Re: URL-decoding reverse proxy breaks remote replication

Posted by Jeremy Wall <jw...@google.com>.
An Apache reverse proxy also breaks with url encodings. So that's at least
one other proxy that does it.

On Wed, Sep 3, 2008 at 2:13 PM, Damien Katz <da...@apache.org> wrote:

> This is an issue I've been anticipating for a while, which is proxies
> messing around with the url encoding and causing problems.
>
> CouchDB url elements are delimited by slashes, for example "GET
> db/doc/fileattachment". But any of the elements "db" "doc" or "attachment"
> could have slashes in them,  if slashes are url encoded (%20 I think).  So
> using the slashes requires that the proxies keep the encoding exactly
> intact, instead of normalizing encoded urls to slashes.
>
> I've discussed this a while ago and was advised that proxies shouldn't mess
> with the URL encodings. So too me, my default position is this to me is a
> bug in nginx. However, I can be convinced otherwise, if other proxies or
> tools tend to do the same thing.
>
> -Damien
>
>
> On Sep 3, 2008, at 2:38 PM, Adam Kocoloski wrote:
>
>  Hi, I installed CouchDB behind nginx the other day and noticed that remote
>> replication didn't work.  The problem seems to be that
>>
>> a) CouchDB stores the replication history in a local doc with an ID formed
>> from the URL-encoded paths to the source and target DBs,
>>
>> b) nginx decodes all %2Fs in the URLs it processes, and
>>
>> c) couch_httpd chokes on a GET request for the replication history doc
>> using the decoded URL delivered by nginx.
>>
>> My workaround was to encode "/" as "|" in the ID of the replication
>> history document.  It seemed simpler than doing extra special-casing in
>> couch_httpd to handle decoded "/" characters in replication docIDs, and I
>> didn't see any way to turn off URL decoding in nginx.  Best,
>>
>> Adam
>>
>> --- a/trunk/src/couchdb/couch_rep.erl
>> +++ b/trunk/src/couchdb/couch_rep.erl
>> @@ -28,6 +28,9 @@ url_encode([H|T]) ->
>>        [H|url_encode(T)];
>>    H == $_; H == $.; H == $-; H == $: ->
>>        [H|url_encode(T)];
>> +    % nginx will decode the %2F which makes couch_httpd blow up
>> +    H == $/ ->
>> +        [$||url_encode(T)];
>>    true ->
>>        case lists:flatten(io_lib:format("~.16.0B", [H])) of
>>        [X, Y] ->
>>
>>
>>
>>
>

Re: URL-decoding reverse proxy breaks remote replication

Posted by Damien Katz <da...@apache.org>.
This is an issue I've been anticipating for a while, which is proxies  
messing around with the url encoding and causing problems.

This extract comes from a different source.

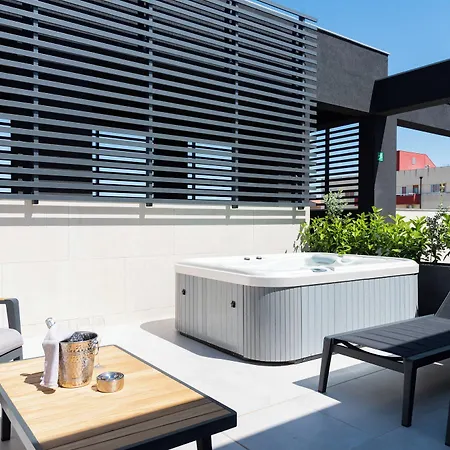 Boutique Otel Modica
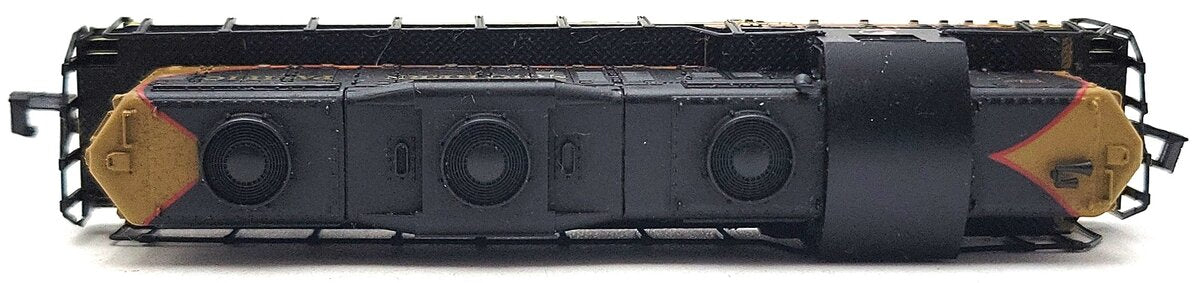 Life Like 7115 N Northern Pacific GP18 Diesel Loco #378 LN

CouchDB url elements are delimited by slashes, for example "GET db/doc/ 
fileattachment". But any of the elements "db" "doc" or "attachment"  
could have slashes in them,  if slashes are url encoded (%20 I  
think).  So using the slashes requires that the proxies keep the  
encoding exactly intact, instead of normalizing encoded urls to slashes.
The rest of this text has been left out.